A nutritionist at the LTA called Glen helps me out with my diet but I don’t follow a strict programme. It’s a very simple approach: everything in moderation. When I’m hungry, I eat and when I’m not, I don’t eat – that’s so I don’t get fat! I like to listen to how I feel and my nutritionist has a similar outlook so it works really well. I don’t believe in following diets or cutting things out, I just believe in eating healthily.’
Breakfast: ‘Today I had toasted bread with salmon and poached eggs. I probably should have had some fruit but I was full! If I’m doing a run first thing (out of season), I don’t want to eat as I’ll get a stitch so I have a few sips water and maybe one bite of something.’

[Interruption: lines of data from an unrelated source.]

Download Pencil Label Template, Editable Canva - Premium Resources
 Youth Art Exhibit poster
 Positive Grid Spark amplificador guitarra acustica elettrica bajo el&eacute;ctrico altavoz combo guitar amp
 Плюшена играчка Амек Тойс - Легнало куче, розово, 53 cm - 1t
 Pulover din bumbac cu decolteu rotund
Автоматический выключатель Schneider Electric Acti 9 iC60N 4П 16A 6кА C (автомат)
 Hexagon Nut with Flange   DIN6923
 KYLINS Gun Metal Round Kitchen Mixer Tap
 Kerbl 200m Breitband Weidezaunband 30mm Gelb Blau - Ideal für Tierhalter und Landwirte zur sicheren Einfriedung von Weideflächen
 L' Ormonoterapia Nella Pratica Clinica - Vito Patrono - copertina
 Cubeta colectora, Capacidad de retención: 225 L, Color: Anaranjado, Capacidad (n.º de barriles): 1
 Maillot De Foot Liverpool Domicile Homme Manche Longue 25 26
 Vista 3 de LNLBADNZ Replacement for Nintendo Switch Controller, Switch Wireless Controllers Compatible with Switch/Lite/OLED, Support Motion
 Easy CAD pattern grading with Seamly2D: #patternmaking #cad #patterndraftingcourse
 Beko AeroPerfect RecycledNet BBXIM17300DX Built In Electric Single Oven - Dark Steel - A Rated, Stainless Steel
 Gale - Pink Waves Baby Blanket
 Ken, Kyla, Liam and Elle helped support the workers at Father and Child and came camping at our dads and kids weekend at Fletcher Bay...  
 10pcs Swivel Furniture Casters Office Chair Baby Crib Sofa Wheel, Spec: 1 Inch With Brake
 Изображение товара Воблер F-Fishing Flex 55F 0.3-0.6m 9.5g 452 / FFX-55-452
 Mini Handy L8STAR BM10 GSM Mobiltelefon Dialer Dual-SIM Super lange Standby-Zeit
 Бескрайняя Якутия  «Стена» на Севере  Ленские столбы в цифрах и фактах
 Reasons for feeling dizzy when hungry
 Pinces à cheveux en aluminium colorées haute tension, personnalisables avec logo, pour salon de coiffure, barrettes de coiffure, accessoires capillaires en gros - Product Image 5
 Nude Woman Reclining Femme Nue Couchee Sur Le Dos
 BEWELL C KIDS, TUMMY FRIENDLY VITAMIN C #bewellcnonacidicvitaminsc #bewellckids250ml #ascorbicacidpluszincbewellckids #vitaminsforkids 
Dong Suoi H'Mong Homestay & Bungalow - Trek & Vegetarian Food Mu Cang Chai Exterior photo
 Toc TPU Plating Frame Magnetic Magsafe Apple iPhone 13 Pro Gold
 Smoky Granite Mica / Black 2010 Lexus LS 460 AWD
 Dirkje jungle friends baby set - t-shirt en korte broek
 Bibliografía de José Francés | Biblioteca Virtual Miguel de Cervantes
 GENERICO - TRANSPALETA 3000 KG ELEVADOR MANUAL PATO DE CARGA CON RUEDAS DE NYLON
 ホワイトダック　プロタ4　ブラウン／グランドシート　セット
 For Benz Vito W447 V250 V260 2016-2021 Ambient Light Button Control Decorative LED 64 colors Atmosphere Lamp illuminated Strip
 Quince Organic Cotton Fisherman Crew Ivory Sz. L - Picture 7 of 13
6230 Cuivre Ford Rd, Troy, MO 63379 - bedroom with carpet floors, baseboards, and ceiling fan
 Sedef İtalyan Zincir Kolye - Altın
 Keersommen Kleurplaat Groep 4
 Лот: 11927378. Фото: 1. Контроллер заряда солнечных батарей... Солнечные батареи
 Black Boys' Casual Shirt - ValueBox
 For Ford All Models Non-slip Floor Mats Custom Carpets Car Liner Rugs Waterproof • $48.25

Lunch: ‘This is probably my favourite meal of the day. I can’t eat a lot in the morning so I’m always starving! Today it’s chicken with pumpkin risotto.’
Dinner: ‘Tonight, I’m having grilled salmon with garlic spinach. I won’t need much carbohydrate I’ll have had lunch late after training. It all depends how my body feels. I try anything and everything! Today I had some herring at breakfast; I’ve tried alligator and shark, and what I really love is eel and sea urchin. I’m very adventurous!’
Fuelling up: ‘If I have lots of time before a match, I’ll have pasta. If not I’ll have something lighter like rice – all very plain. I drink loads of electrolyte drink to make sure I’m hydrated.’
Refuelling: ‘After a match, I’m never hungry but it’s important to have something to help your muscles repair in those first 20 minutes. What works for me is chocolate milk.’
Supplements: ‘I’m not big on supplements, I prefer a more natural approach.’
Treats: ‘I love my treats! The important thing is not to go over the top as I don’t have a limit! The day before I left (for the Fed Cup), I had a chocolate éclair. The thing I crave most is crisps because they’re salty. But I wouldn’t eat them during a tournament because, mentally, I wouldn’t want to know I’d had them.’